Among 62,685 women (mean age, 49.58 years), 1957 (3.12%) had iron deficiency according to the HEIRS definition, 4659 (7.43%) according to the WHO definition, and 9611 (15.33%) according to the IDE definition. Among 40,381 women aged 25 to 52, the prevalence rates of iron deficiency, according to these definitions, were 4.46%, 10.57%, and 21.23%, respectively.

Among those aged 25 to 44 years, who reported pregnancy, the prevalence rates of iron deficiency were 5.44% (n = 111), 18.05% (n = 368), and 36.10% (n = 736) according to the HEIRS, WHO, and IDE definitions, respectively.

Across racial and ethnic groups, the prevalence of iron deficiency increased significantly according to the definition used, from 3.12% for HEIRS, 7.43% for WHO, and 15.33% for IDE. These rates were notably higher among Black and Hispanic women than Asian and White women.

Overall, the relative iron deficiency prevalence among these women increased 2.4-fold (95% CI, 2.3 - 2.5; P <.001) using the WHO definition and increased 4.9-fold (95% CI, 4.7 - 5.2; P <.001) based on the IDE definition.

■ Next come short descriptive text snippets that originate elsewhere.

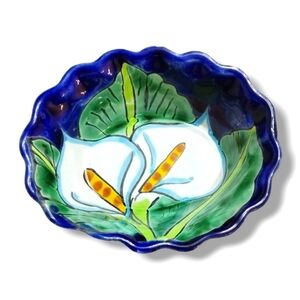 Handmade Talavera Calla Lily Bowl | Mexican Pottery | Hand Painted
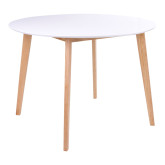 Spisebord i hvid og natur Ø105,h75 cm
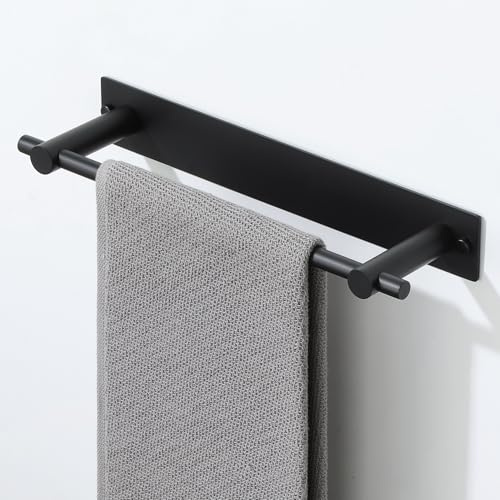 Mooche Porte Serviette sans Percage, Support Serviette Mural 30 CM, SUS304 | Porte-Serviettes de Salle de Bain, Autocollant/Perçage, Barre Porte Serviette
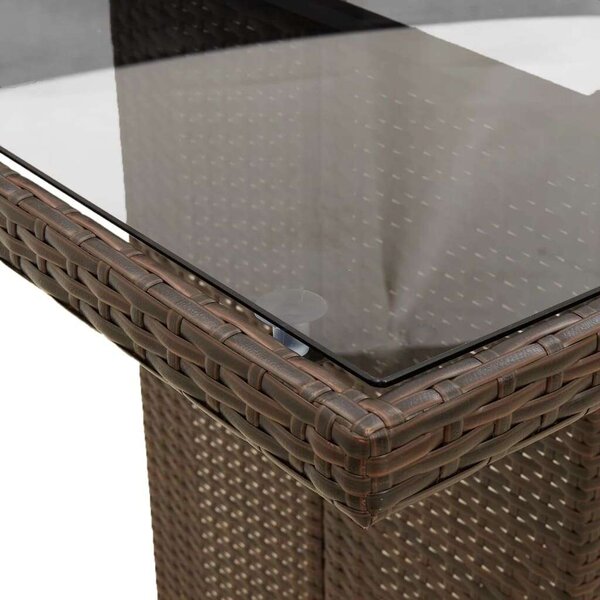 Polyrattan Kerti Bútor - 9 részes Bisztrókészlet - Barna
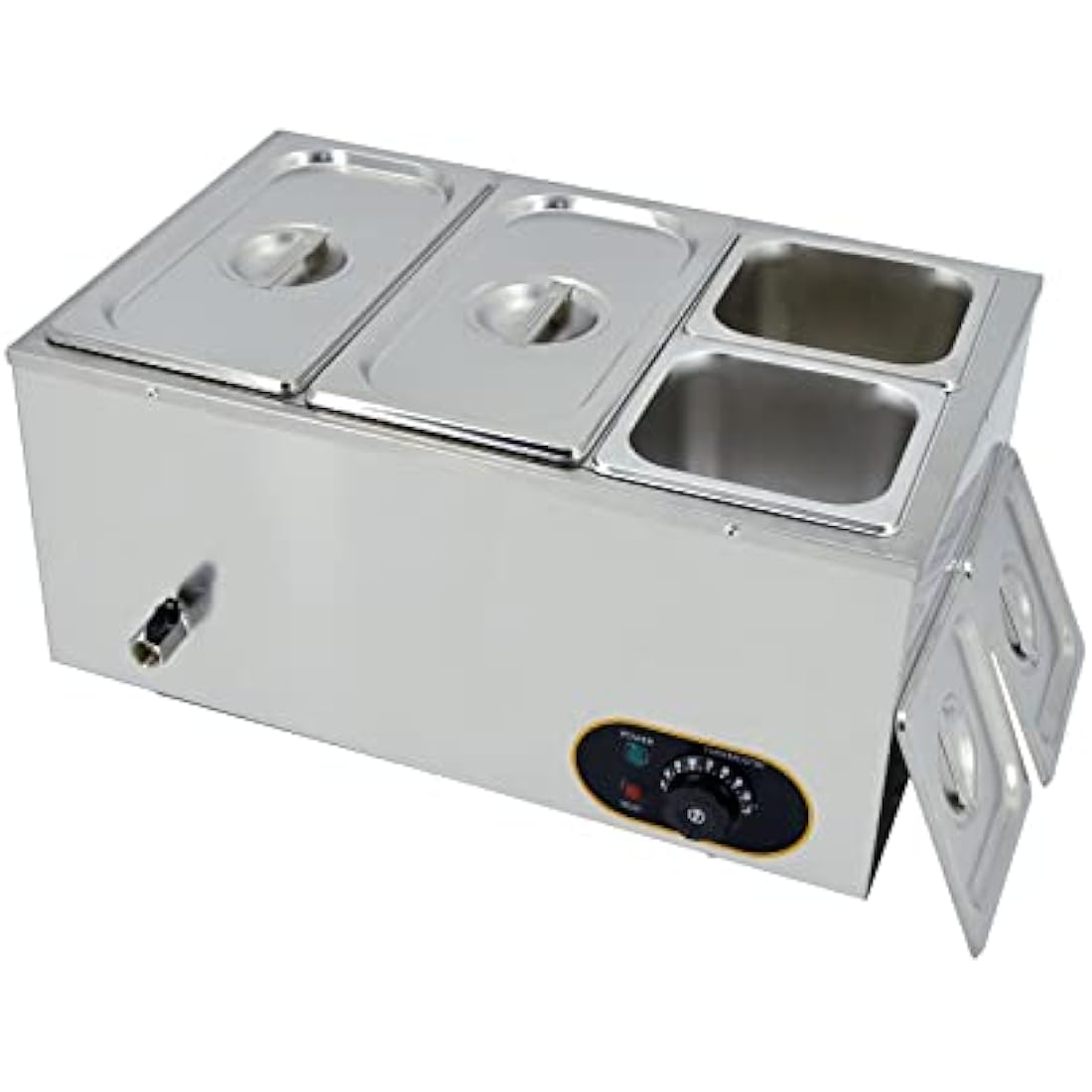 Electric Bain Marie 1500W Food Warmer Stainless Steel Steam Table Temperature Control for Catering and Restaurant, GN 1/3x2, 1/6x2 Pans with Lids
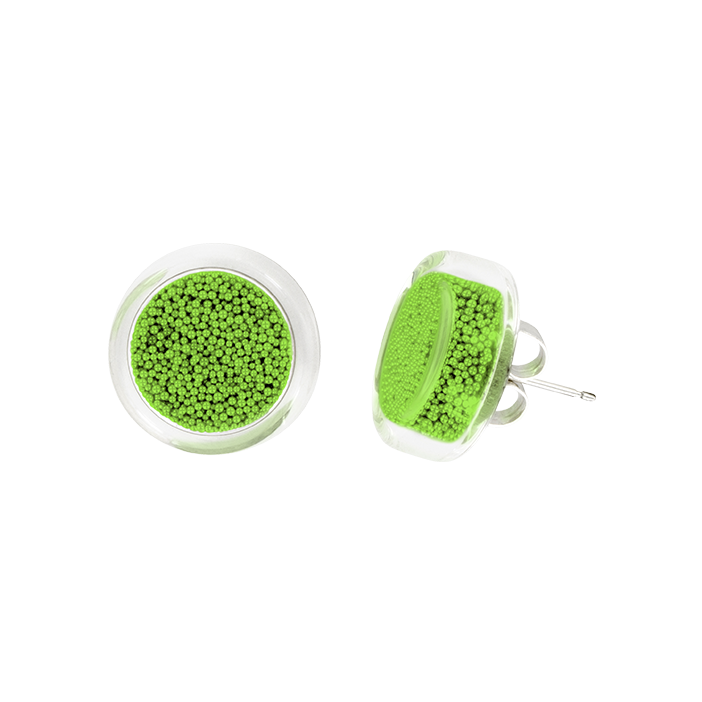 Boucles d'oreilles clou en verre soufflées - Cachou Billes Vert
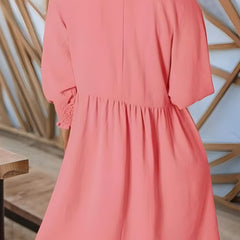 Women's Babydoll Dress | Midi Crew Neckline Smocked Cuff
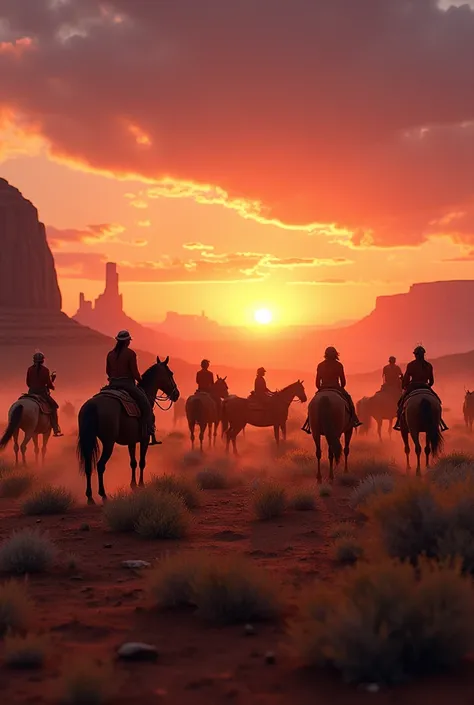 sunset, Old West, Western Wild Horses, natives, realism 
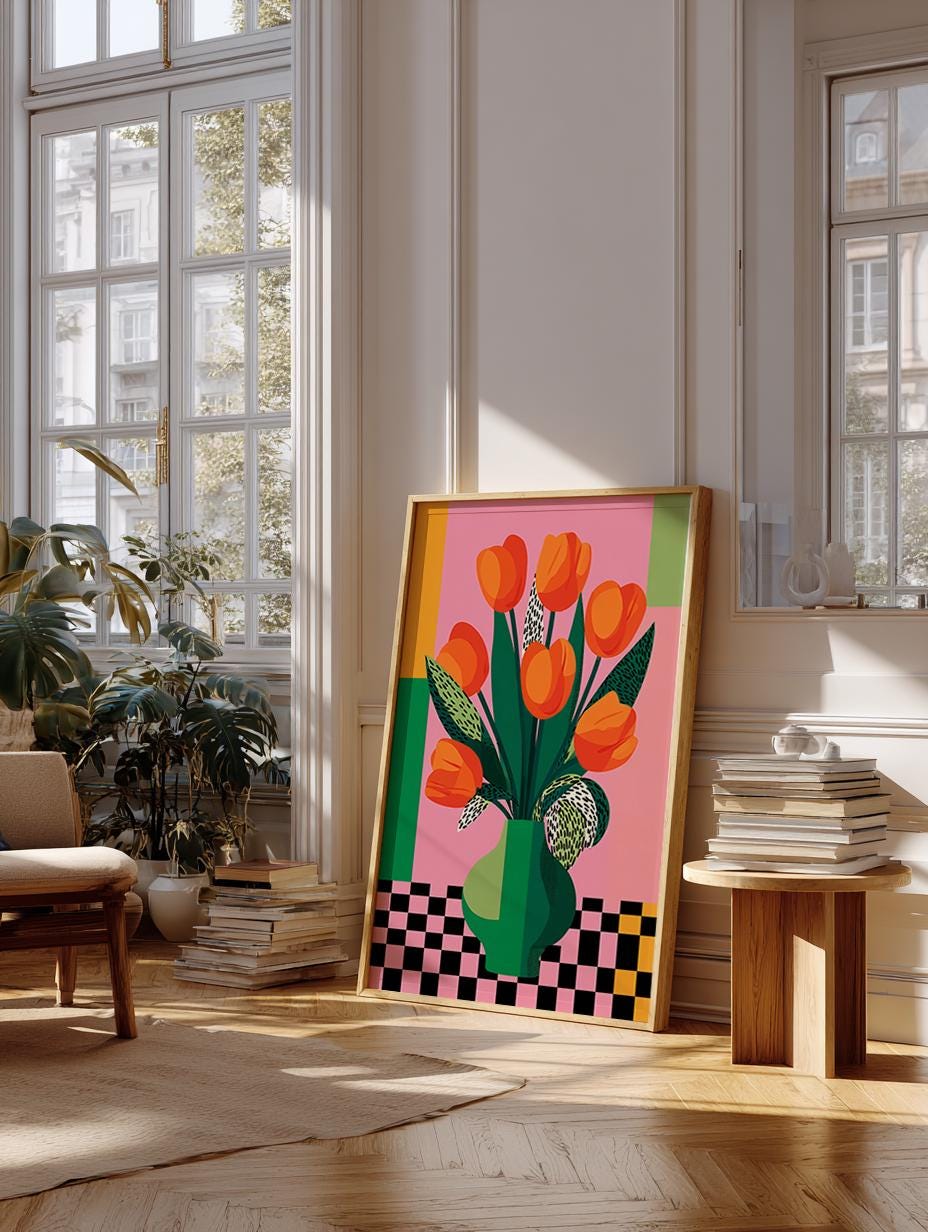 Colorful Tulip Vase Art Print, Modern Floral Illustration Poster ...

In a linked editorial, Michelle Sholzberg, MDCM, MSc, St Michael’s Hospital, University of Toronto, explained these data emphasized the importance of applying evidence-based definitions and screening for iron deficiency, particularly for women of color.

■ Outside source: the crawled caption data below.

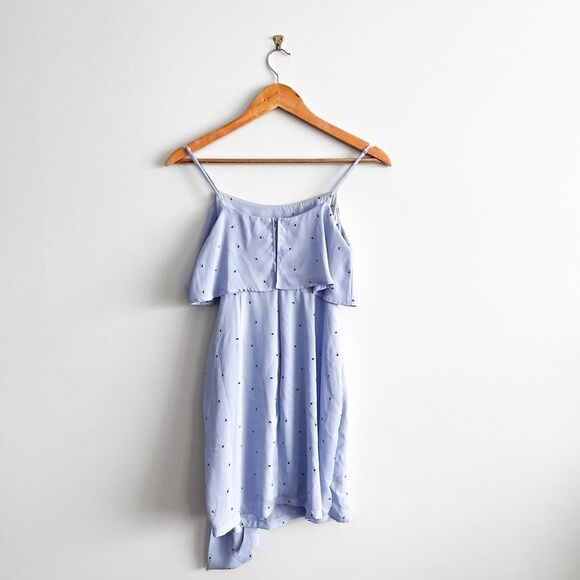 Lush Mini Dress Flounce Side Tie Blue Spaghetti Straps Women's S Back Zip Lined - Picture 2 of 8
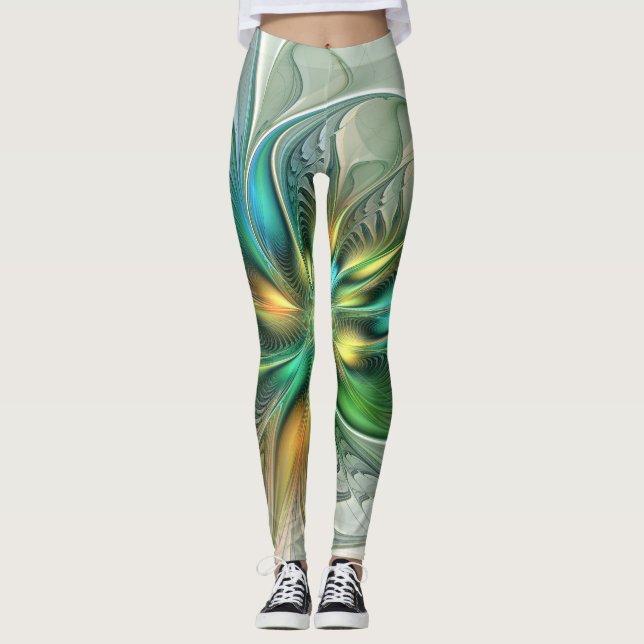Colourful Fantasy Modern Abstract Flower Fractal Leggings (Front)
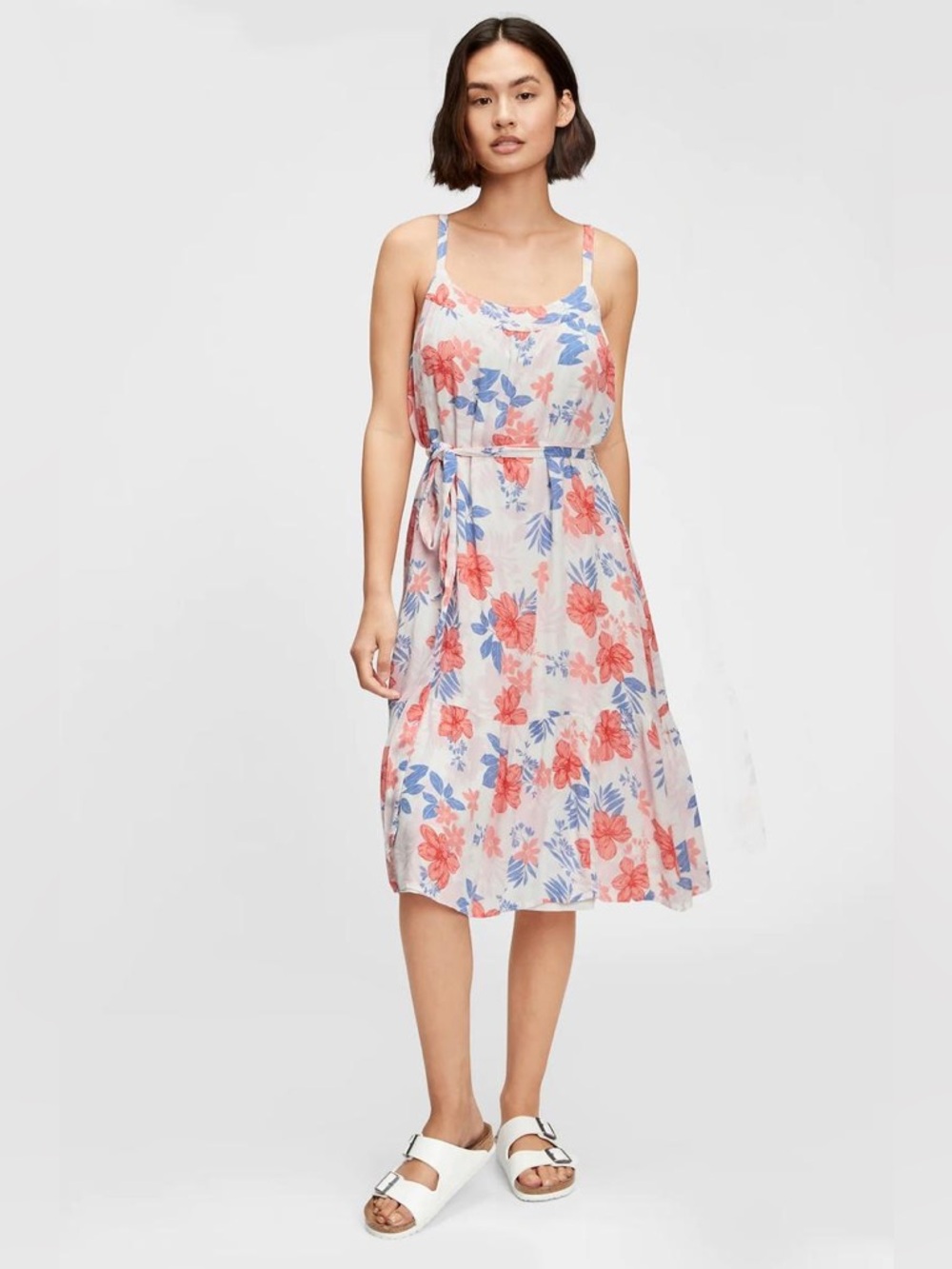 GAP Floral Sundress White with Blue and Coral Flowers Size MT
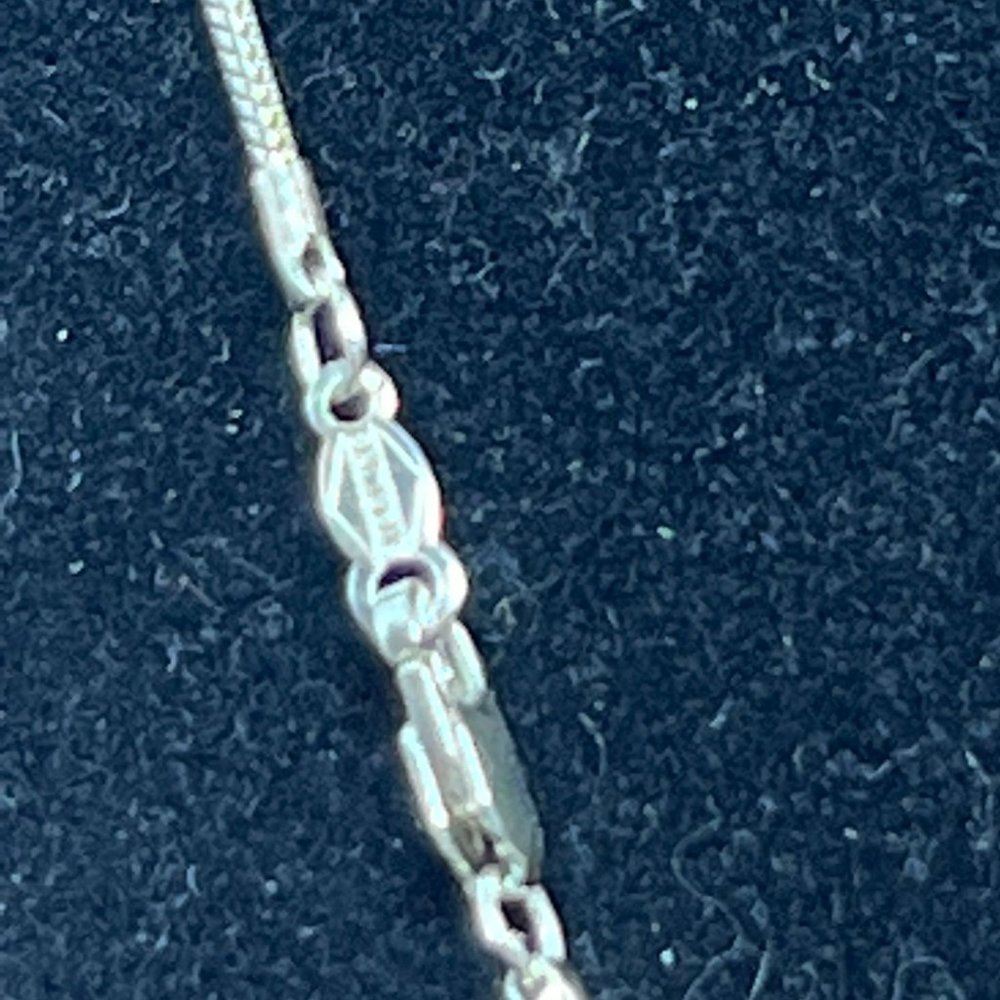 Sterling Silver Snake Chain Necklace W/Gold Tone & Sterling Pendant (4248) - Picture 7 of 7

“It bears repeating: nonanemic iron deficiency and iron deficiency anemia are associated with morbidity and mortality,” Sholzberg wrote. “Nonanemic iron deficiency, iron deficiency anemia, and their consequences are preventable, but screening practices and guidelines are inconsistent.”

Sholzberg described how a woman with iron deficiency should not be considered normal in practice, pointing to the lack of screening programs for female individuals of reproductive age. Individuals of low socioeconomic status are at high risk of iron deficiency but are less likely to experience screening and treatment.

“Thus, the most vulnerable are also the least likely to be tested and treated, which further exacerbates the oppressive cycle imposed by a discriminatory structure,” Sholzberg added. “To facilitate better care, we must dismantle structural racism and sexism that is inappropriately normalizing nonanemic iron deficiency and iron deficiency anemia in women.”